As Canadian defined benefit plan sponsors are aware, it wasn’t that long ago that the mortality tables and mortality improvement rates were updated. In 2014 the Canadian Institute of Actuaries released a new series of mortality tables (the CPM mortality tables), and a new mortality improvement scale (the CPM-B improvement scale). Transitioning to these new tables and improvement scale was a bit painful, as they generally increased a plan’s liability by about 5%.
This past September, the Canadian Institute of Actuaries issued a Task Force Report on Mortality Improvement. One of the main purposes of the report was to construct a new mortality improvement scale – not just for work on pension and post-retirement benefit plans, but for life insurance, social security, and other actuarial work too.
The new mortality improvement scale that was produced by the Task Force is called the MI-2017 improvement scale. While there are some noteworthy differences between the new MI-2017 improvement scale and the CPM-B improvement scale that came out in 2014, a key message for plan sponsors is that adopting this new improvement scale would increase a plan’s liability slightly (in most cases, less than 1%).

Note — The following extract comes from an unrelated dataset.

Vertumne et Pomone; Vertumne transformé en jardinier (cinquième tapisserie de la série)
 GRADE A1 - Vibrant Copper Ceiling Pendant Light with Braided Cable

The CPM-B and MI-2017 improvement scales are quite similar in that they are two-dimensional scales, varying by age and calendar year. In particular, at every age the improvement scales start off using recent mortality improvement experience, and transition to an assumed ultimate mortality improvement rate over a period of about 20 years.
One small difference is that the MI-2017 improvement scale reflects more recent mortality improvement experience by reflecting experience up to 2015, whereas the CPM-B improvement scale only reflects improvement experience up to 2007.

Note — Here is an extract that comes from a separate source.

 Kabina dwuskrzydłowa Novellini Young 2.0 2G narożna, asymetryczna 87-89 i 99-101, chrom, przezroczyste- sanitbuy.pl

However, a major difference is the ultimate mortality improvement rate used in these scales – with the MI-2017 improvement scale using an ultimate improvement rate of 1.0% for most ages, and the CPM-B improvement scale using an ultimate improvement rate of 0.8% for most ages. This ultimate improvement rate is a very subjective assumption, as no one knows how future mortality trends will progress. Furthermore, the increase in the ultimate improvement rate from 0.8% to 1.0% is a key reason for the increase in the liabilities caused by transition from CPM-B to the MI-2017 improvement scale.
As a generalization, it is our expectation that plan sponsors and actuaries will move to adopt the new MI-2017 improvement scale over the next year or so.

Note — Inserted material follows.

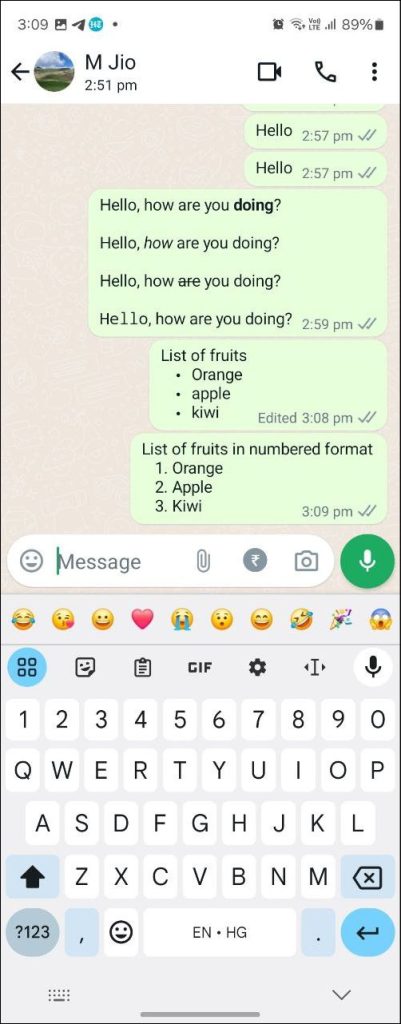 Numbered list in WhatsApp.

As many of you know, there are different measures of a defined benefit plan’s liability: the benefit obligations used for financial reporting purposes, as well as the liabilities used for funding purposes (i.e. going-concern and hypothetical wind-up).
For the benefit obligations used for financial reporting purposes, management is responsible for the selection of the assumptions. Given that the MI-2017 improvement scale was only recently released, that the impact of the change from the CPM-B improvement scale is not terribly significant, and the fact that a key reason for the increase is due to the change in the rather subjective ultimate improvement rate, it is our expectation that many plan sponsors may not adopt this assumption in their upcoming fiscal year 2017 year-end financial statements. Nevertheless, plan sponsors should be aware of this development, and will want to consider ‘if and when’ to adopt the MI-2017 improvement scale, and potentially discuss their approach with their auditor.
For going-concern funding valuations, the MI-2017 improvement scale may be reflected as the best-estimate assumption as early as 2018.
However, for hypothetical wind-up valuations, we note that the MI-2017 improvement scale has not yet been adopted for the commuted value transfer value standard. As such, this new improvement scale will not have an immediate impact on hypothetical wind-up valuations. However, I would expect the Actuarial Standards Board to make this change in the not too distant future.